We work on a contingency fee basisTuesday, September 8, 2009
At The Pinkerton Law Firm, PLLC, we work on a contingency fee basis. This means that my firm covers all the costs and expenses of a lawsuit and do not get paid unless the case is successfully resolved. Plaintiff lawyers usually take all the financial risk of litigation in exchange for 33%-40% of the final recovery. My comments today deal with the other side of the bar—the defense bar who works for an hourly wage. Technically, I do not have any objection to this type of payment arrangement, if it is properly handled. However, over the course of my career, I have heard over and over again from defense lawyers that they need to “work” on the case, even if liability and damages are a slam dunk, so that they may properly “evaluate” the case. Many times the stuff we do is not rocket science. I wish those lawyers would just come out and say what they mean: “I need to bill this file for a while before we resolve this case because I have a mortgage to pay.” Sometimes I think businesses and companies are oblivious to the way this all works. Maybe if the lawyers they hired would assume some of the “risk” of the litigation, cases might just go a little differently and be resolved a bit more efficiently. Maybe the cost of litigation would go down. Maybe the number of lawsuits would decrease.
But, this not the legal practice that brings me to you this morning. What is really on my mind is the blatant, intentional over-billing by hourly lawyers. I have been exposed to cases where lawyers intentionally “padded” the file for purposes of billing. This is essentially stealing from their clients. Recently, I had the opportunity to review a billing file of Cynthia Diggs, a local family law lawyer with Holmes, Diggs, Eames, & Puhl. Upon reviewing the file, I found some obvious errors, oversights, and/or potential falsities. There was time that appeared to be double billed. There was time that appeared to be over-billed. A lay person would generally just pay the bill. My client happened to ask me to review the billing because it seemed extraordinary. Luckily for my client, I was able to review the bill before she was out the money—pure luck! Otherwise, the “bill” would have been paid and the money would have been gone forever.

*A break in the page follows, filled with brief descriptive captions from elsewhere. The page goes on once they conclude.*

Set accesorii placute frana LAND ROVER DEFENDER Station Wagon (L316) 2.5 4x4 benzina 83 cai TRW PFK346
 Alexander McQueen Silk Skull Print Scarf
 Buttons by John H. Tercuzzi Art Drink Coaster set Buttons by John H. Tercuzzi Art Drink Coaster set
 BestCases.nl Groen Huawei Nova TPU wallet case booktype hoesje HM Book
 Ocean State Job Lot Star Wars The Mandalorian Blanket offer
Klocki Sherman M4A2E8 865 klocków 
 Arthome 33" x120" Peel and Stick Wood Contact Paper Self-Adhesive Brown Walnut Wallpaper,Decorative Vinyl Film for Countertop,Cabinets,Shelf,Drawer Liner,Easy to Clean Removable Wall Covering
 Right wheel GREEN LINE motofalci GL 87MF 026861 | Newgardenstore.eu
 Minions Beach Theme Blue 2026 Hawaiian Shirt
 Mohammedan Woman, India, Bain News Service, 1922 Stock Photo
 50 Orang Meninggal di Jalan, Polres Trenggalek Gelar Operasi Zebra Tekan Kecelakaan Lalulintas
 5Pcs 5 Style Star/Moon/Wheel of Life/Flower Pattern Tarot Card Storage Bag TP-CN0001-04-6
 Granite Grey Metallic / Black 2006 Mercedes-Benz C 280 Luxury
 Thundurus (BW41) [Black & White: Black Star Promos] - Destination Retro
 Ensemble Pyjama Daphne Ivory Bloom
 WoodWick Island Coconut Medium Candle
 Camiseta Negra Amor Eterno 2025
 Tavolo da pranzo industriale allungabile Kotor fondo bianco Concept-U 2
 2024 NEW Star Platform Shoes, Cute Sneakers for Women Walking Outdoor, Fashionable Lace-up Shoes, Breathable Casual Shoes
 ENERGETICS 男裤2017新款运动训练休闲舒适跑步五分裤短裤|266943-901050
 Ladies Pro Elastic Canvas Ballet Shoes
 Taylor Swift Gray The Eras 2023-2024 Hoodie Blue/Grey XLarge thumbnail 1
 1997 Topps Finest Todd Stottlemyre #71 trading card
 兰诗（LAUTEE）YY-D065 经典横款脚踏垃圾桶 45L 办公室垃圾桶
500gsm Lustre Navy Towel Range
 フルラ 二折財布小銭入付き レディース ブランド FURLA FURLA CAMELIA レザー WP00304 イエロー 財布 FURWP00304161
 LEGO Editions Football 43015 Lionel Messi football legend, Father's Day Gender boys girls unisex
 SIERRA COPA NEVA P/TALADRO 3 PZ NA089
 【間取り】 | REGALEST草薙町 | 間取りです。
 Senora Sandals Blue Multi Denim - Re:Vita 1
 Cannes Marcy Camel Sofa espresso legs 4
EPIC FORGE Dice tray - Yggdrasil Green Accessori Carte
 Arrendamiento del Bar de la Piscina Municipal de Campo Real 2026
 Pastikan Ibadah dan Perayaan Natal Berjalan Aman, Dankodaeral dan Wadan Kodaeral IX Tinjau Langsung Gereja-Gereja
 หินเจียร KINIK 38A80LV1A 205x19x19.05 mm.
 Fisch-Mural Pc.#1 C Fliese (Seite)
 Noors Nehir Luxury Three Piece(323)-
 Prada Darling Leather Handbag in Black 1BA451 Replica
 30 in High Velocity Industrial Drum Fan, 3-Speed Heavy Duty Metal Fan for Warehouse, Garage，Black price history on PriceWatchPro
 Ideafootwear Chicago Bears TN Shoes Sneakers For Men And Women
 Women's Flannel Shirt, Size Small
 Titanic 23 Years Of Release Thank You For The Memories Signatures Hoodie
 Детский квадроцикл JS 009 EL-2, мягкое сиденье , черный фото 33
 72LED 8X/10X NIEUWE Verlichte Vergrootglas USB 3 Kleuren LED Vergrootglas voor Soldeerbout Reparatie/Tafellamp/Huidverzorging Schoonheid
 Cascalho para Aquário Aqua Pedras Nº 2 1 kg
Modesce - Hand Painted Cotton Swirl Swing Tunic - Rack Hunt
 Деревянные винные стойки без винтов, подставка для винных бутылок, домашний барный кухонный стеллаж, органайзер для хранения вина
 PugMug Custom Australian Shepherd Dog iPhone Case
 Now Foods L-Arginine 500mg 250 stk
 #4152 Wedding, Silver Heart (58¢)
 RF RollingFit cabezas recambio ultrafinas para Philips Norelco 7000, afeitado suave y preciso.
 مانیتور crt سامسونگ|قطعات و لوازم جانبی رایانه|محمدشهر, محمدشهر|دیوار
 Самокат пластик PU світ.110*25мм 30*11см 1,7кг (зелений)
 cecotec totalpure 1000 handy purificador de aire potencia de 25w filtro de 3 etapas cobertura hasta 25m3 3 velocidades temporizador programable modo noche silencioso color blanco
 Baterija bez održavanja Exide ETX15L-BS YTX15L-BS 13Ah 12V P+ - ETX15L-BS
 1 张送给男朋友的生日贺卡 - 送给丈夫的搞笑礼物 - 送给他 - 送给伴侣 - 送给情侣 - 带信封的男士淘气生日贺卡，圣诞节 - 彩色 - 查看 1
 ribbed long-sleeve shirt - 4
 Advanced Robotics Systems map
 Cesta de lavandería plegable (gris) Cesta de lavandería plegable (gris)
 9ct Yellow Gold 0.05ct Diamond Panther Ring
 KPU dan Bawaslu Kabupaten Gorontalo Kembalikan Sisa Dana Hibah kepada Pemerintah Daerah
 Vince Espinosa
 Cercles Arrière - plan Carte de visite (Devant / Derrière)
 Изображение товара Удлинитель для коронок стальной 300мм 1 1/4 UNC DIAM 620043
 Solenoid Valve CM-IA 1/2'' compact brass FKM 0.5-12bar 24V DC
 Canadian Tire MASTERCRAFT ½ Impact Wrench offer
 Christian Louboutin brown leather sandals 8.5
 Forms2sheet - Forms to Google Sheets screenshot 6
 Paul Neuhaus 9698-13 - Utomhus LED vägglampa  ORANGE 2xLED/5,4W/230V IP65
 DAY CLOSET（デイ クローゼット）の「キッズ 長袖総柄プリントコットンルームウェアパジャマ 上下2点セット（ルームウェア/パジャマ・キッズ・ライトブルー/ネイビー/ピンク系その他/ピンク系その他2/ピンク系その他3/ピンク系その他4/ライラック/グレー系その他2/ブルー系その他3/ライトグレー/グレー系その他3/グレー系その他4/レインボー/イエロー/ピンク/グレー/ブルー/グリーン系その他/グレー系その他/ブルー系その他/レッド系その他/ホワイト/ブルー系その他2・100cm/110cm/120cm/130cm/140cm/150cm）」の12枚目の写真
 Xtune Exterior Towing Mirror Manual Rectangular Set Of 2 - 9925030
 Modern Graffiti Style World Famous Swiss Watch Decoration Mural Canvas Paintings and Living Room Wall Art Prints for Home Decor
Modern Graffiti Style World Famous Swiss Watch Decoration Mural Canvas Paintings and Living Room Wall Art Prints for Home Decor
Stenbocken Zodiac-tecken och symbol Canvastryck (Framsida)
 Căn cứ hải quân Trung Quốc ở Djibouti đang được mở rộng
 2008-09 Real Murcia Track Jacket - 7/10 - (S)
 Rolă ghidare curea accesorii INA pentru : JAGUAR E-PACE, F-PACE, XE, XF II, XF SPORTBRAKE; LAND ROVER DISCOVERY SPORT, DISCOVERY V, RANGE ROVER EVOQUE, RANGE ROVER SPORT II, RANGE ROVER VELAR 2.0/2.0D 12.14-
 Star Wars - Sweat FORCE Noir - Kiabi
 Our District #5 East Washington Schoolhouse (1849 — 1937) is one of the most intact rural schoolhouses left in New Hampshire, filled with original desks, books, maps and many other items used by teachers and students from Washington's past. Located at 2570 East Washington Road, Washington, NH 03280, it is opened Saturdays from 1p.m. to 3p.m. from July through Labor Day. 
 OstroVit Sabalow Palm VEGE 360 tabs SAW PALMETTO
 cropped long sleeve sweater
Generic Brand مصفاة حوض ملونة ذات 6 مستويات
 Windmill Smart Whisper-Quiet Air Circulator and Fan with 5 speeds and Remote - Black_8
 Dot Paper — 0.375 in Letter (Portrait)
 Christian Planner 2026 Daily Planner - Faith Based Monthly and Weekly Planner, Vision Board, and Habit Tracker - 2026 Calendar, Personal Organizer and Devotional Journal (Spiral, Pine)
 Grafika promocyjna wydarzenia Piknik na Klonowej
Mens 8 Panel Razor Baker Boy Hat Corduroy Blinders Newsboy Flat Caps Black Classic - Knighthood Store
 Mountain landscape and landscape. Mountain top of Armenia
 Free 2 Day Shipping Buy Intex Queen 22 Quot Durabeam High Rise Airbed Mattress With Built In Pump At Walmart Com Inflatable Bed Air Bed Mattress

I wish there was something that could be done about this epidemic problem. This is one of the many reasons the public does not trust lawyers. I am ashamed and disappointed in my peers when I see stuff like this. However, there is something you can do. If this happens to you or someone you know, call my law firm and I will try to assist you in resolving your problem. Second, call the State Bar of Texas at 1-800-204-2222 and report the problem to the Board—that will usually get a lawyer’s attention faster than anything else. But, please do not do this for harassment purposes. Make sure it is for legitimate reasons. And, talk to the lawyer first—maybe there is an explanation.
Good luck my friends. And remember, just because you get a bill does not mean you have to blindly pay it. Ask questions and be smart.